*** Source material ***

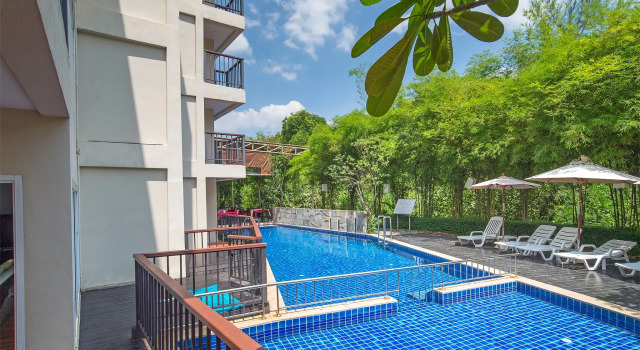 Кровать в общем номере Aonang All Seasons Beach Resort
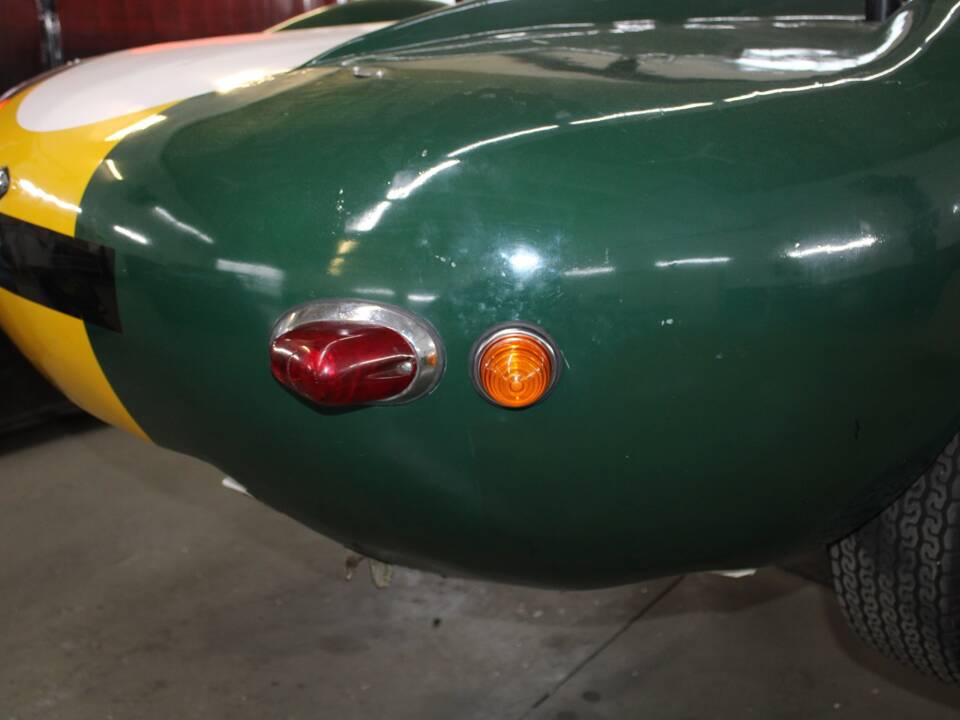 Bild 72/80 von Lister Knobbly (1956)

*** End of Source material ***
*** Source material ***

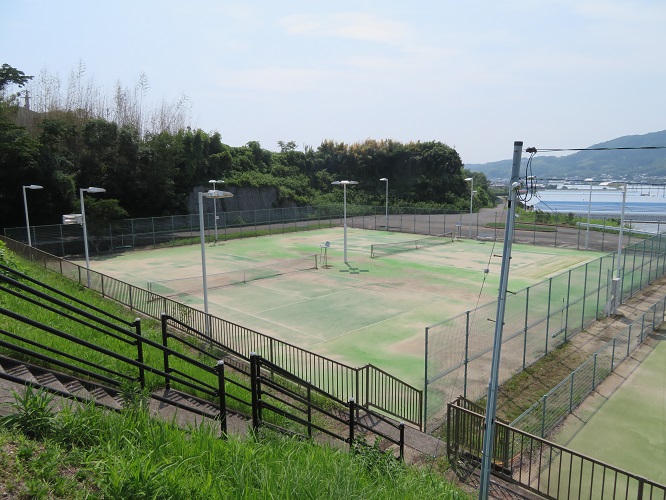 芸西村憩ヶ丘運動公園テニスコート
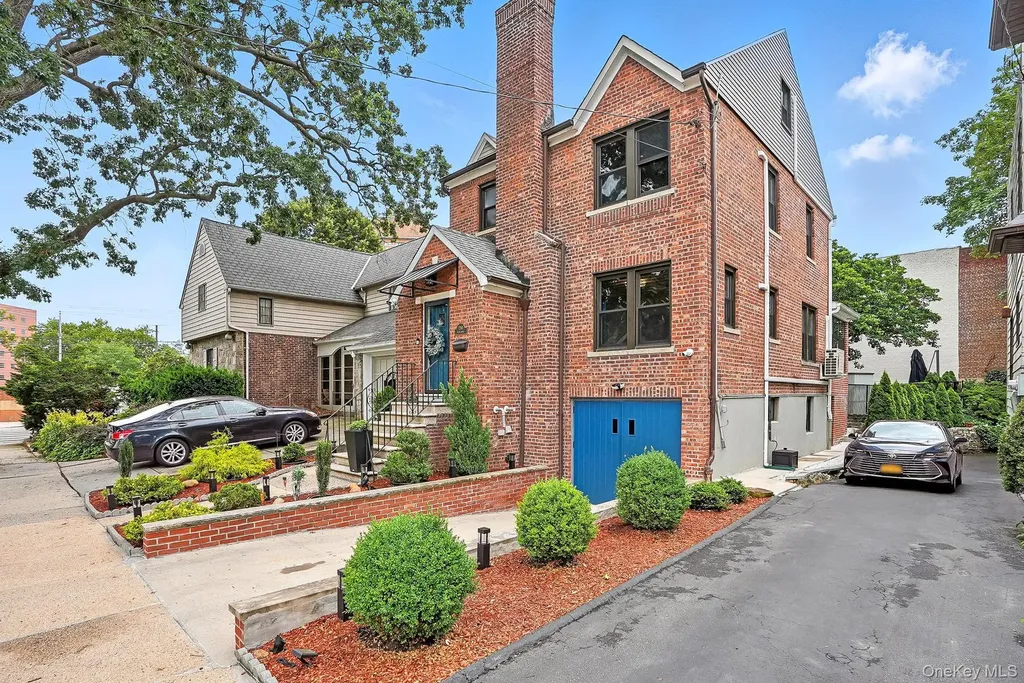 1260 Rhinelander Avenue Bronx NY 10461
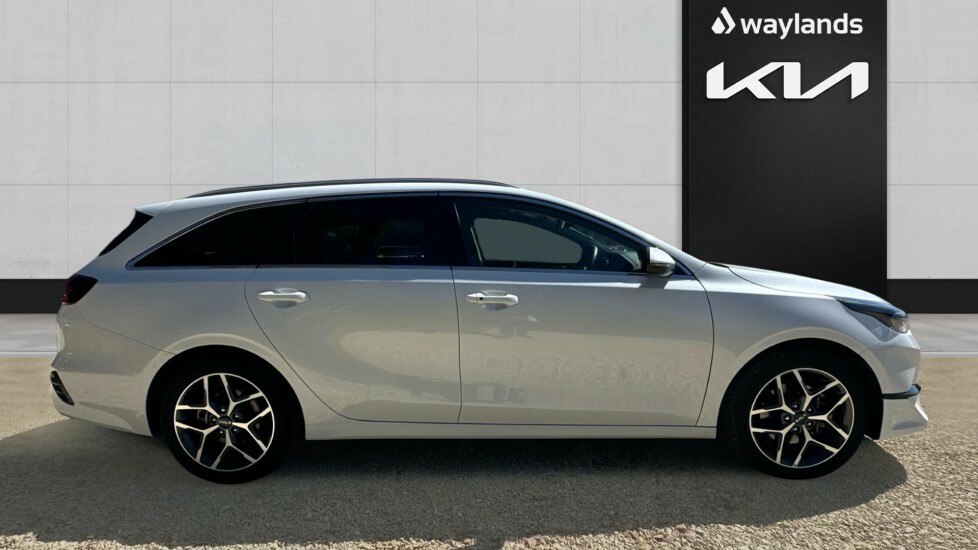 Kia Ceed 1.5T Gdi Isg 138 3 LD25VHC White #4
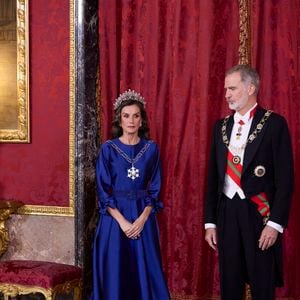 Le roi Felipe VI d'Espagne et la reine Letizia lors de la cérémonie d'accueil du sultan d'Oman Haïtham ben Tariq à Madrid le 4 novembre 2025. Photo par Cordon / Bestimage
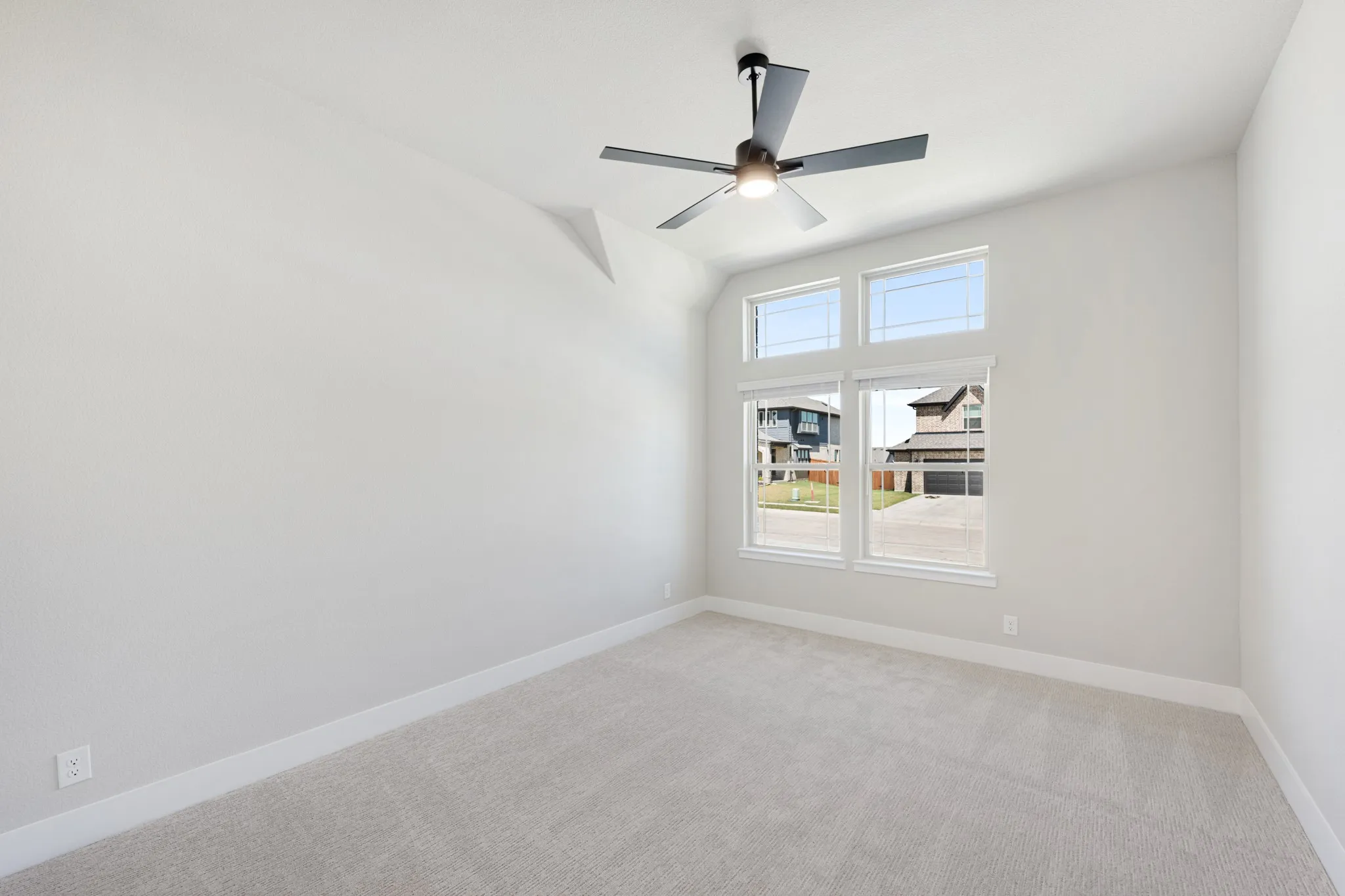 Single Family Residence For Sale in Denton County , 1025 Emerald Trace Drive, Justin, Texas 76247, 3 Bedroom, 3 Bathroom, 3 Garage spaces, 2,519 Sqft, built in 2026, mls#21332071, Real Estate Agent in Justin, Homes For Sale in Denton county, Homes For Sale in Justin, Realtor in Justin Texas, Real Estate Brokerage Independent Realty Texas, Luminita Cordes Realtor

*** End of Source material ***
*** Source material ***

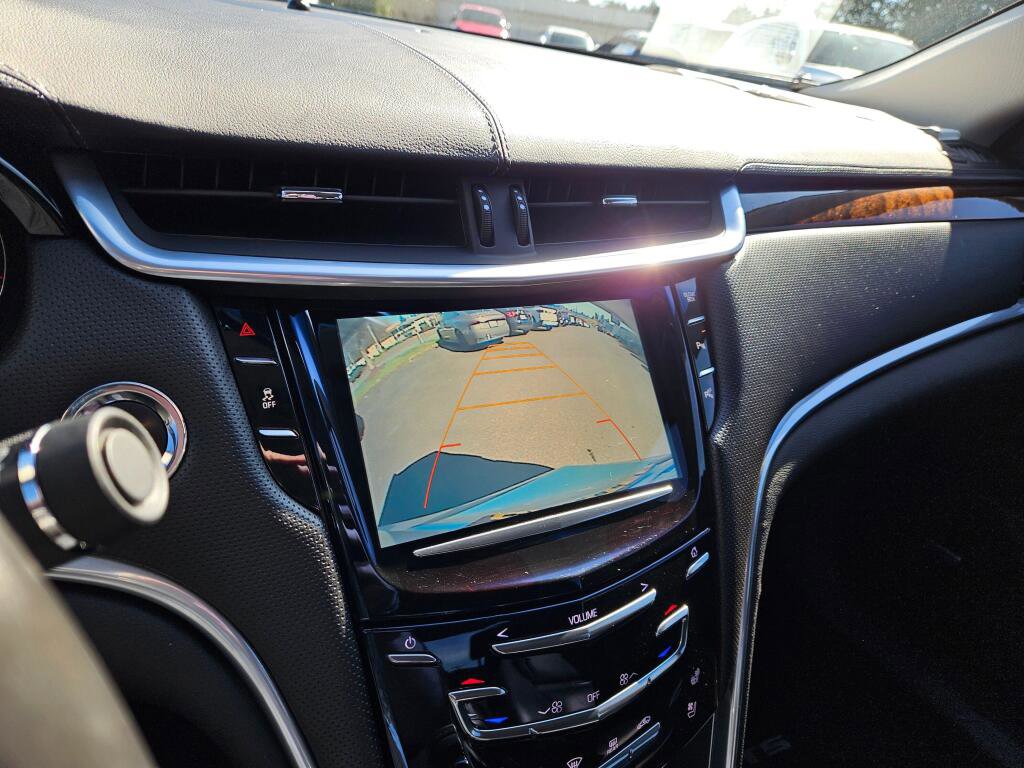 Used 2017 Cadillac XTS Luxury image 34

*** End of Source material ***

Problem requirements
Above, find the line with "Кровать в общем"; copy it and every line down to the line with "Bild 72/80 von Lister Knobbly (1956)", exactly and both included, but no pictures.

Task result
 Кровать в общем номере Aonang All Seasons Beach Resort
 Bild 72/80 von Lister Knobbly (1956)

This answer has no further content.